The unity of the Church was also challenged in the sub-Apostolic period because of a crisis of authority. In the first century, those with teaching authority were the original witnesses of Jesus’ earthly ministry or, by dint of his extraordinary conversion and missionary zeal, St. Paul. As those first witnesses began to die out, a question arose: who could now teach within the Church? How was the continuity of that teaching with the apostolic witness to be maintained? The answer: through the laying on of hands and the appointment of a new generation of overseers who were ordained by the previous generation of overseers. The episcopate therefore answers the question concerning how the unity of the Church across time is to be maintained, as well as across space. This is why the Anglican, Orthodox, and Roman Catholic Churches preserve the historic episcopate — the episcopate extending back through time via the laying on of hands — to preserve and make visible the unity of the Church in history. This is not about a special “pipeline” of authority flowing from Christ through history to our bishops that works mechanically, as it were, independently of the grace of the Holy Spirit. Rather, it is the visible handing on of the order of ministry from one generation to the next — the calling down of the Spirit onto the ordained — for the gathering and shepherding of God’s people that the gospel demands. The unity of the Church across time refers to the inseparability of the Church in the present age with the Church of the apostles and the ecumenical councils of the first six centuries. In other words, the Church established by Christ is one and the same Church of which we are members today. The historic episcopate makes that unity visible.

One of the most important aspects of episcopal ministry, therefore, concerns the protection (an important aspect of shepherding) of the unity of the Church in obedience to Christ’s prayer and St. Paul’s teaching (John 17:20-24; 1 Cor. 12:12-31). Two further signs of unity coalesce around the bishop: the cathedra and the Eucharist. In the bishop presiding at the Eucharist within the cathedral as the mother church of the diocese, the unity of the Church across time and space is made visible. This is a sacramental order — an order of signs that both point to and constitute the unity of the Church. So the ministry of the episcopate, long before it is ever managerial, organisational or strategic, is sacramental. Its missional character is grounded in its sacramental power as conferred by the Holy Spirit through the Church.

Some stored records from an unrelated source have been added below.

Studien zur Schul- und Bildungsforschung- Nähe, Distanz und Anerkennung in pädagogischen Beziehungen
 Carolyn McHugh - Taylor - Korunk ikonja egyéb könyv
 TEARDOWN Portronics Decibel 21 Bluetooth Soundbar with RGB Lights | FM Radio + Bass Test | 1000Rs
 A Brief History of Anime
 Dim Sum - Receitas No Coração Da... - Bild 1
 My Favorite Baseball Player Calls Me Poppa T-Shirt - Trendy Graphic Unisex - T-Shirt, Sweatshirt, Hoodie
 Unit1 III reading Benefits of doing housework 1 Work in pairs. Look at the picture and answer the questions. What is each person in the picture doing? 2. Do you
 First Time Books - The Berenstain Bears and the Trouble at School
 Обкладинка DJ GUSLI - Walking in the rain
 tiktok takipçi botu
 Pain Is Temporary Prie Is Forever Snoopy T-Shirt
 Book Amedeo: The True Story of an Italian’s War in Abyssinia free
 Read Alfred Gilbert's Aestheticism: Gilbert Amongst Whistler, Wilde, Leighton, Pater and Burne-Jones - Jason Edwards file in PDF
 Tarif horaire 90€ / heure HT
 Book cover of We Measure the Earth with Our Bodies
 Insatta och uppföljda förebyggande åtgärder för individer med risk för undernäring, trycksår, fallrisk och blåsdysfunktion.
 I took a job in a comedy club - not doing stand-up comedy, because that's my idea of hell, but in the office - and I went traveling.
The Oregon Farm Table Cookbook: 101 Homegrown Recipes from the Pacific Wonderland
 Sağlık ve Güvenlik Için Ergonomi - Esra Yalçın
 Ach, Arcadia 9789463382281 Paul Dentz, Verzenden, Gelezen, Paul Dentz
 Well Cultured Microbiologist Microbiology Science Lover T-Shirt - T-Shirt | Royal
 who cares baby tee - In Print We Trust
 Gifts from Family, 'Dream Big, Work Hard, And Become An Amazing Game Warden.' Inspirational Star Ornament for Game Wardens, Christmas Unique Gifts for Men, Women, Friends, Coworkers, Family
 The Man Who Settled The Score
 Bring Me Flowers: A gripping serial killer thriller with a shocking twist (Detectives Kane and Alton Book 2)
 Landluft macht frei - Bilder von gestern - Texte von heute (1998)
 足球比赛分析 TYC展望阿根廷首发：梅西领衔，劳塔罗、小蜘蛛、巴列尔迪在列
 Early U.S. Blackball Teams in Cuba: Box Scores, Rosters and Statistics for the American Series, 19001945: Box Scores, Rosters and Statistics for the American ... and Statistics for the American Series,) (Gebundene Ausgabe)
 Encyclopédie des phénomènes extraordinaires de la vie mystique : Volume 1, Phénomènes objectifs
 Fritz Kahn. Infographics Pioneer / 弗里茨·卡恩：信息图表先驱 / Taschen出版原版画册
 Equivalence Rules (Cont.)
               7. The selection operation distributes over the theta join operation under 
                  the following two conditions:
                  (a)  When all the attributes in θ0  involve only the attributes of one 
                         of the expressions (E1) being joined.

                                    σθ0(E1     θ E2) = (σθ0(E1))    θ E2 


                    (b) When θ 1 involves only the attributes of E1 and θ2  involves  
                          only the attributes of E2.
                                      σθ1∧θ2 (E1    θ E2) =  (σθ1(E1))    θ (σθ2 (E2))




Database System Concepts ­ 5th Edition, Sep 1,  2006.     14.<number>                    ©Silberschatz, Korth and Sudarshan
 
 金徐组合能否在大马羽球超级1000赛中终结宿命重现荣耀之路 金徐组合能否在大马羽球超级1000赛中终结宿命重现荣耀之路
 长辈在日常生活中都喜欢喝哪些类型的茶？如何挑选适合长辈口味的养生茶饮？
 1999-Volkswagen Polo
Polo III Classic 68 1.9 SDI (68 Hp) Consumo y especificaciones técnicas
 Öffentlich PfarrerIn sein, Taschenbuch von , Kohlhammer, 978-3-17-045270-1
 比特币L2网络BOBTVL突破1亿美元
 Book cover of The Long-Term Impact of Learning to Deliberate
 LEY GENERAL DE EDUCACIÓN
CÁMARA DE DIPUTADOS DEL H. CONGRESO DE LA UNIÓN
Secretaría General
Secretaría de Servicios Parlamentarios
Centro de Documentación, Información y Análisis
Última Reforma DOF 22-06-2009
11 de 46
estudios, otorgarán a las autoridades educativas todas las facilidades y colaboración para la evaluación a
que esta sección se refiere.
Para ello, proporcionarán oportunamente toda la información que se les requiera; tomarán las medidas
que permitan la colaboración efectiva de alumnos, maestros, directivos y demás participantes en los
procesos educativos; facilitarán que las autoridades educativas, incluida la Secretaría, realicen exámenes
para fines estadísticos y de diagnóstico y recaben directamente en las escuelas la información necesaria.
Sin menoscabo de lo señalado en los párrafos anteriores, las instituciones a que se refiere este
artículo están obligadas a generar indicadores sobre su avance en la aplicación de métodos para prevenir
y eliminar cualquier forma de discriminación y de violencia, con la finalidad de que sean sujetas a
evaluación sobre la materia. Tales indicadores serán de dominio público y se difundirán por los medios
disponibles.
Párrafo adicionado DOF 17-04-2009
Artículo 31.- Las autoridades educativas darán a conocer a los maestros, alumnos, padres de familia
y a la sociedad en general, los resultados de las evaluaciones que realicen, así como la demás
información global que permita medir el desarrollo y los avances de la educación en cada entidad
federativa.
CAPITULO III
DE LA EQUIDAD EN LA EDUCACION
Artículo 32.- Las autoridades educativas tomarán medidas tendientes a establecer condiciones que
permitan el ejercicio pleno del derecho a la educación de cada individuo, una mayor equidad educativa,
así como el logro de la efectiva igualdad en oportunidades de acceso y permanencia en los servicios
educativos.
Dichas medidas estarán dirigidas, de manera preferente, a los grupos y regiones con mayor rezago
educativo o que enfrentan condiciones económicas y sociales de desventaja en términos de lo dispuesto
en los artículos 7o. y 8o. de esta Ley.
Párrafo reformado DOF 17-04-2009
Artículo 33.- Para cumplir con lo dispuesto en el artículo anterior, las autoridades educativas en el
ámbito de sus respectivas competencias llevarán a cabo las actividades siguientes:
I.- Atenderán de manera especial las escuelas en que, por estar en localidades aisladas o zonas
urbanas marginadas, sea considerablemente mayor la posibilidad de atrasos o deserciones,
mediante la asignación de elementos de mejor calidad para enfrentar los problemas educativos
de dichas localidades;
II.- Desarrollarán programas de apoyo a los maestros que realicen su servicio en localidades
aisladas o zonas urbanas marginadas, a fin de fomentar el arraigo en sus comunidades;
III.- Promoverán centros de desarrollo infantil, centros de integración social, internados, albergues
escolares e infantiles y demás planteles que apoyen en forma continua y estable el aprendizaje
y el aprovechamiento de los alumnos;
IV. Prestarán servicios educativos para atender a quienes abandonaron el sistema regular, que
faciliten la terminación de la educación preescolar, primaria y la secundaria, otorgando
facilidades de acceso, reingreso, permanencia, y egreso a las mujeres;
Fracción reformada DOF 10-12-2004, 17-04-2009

Something like this pattern of theological reasoning leads Ramsey to make a very bold claim that is not well-loved by the ecumenical movement. It is written with the supreme confidence of youth but is easily misunderstood. He writes this:

We are led, therefore, to affirm that the Episcopate is of the esse of the universal Church; but we must beware of mis-stating the issue. All who are baptized into Christ are members of his Church, and Baptism is the first mark of churchmanship. Yet the growth of all Christians into the measure of the stature of the fullness of Christ means their growth with all the saints in the unity of the one Body, and of this unity the Episcopate is the expression. It speaks of the incompleteness of every section of a divided Church, whether of those who possess the Episcopate or of those who do not. And those who possess it will tremble and never boast, for none can say that it is ‘theirs’. It proclaims that there is one family of God before and behind them all, and that all die daily in the Body of Him who died and rose.[9]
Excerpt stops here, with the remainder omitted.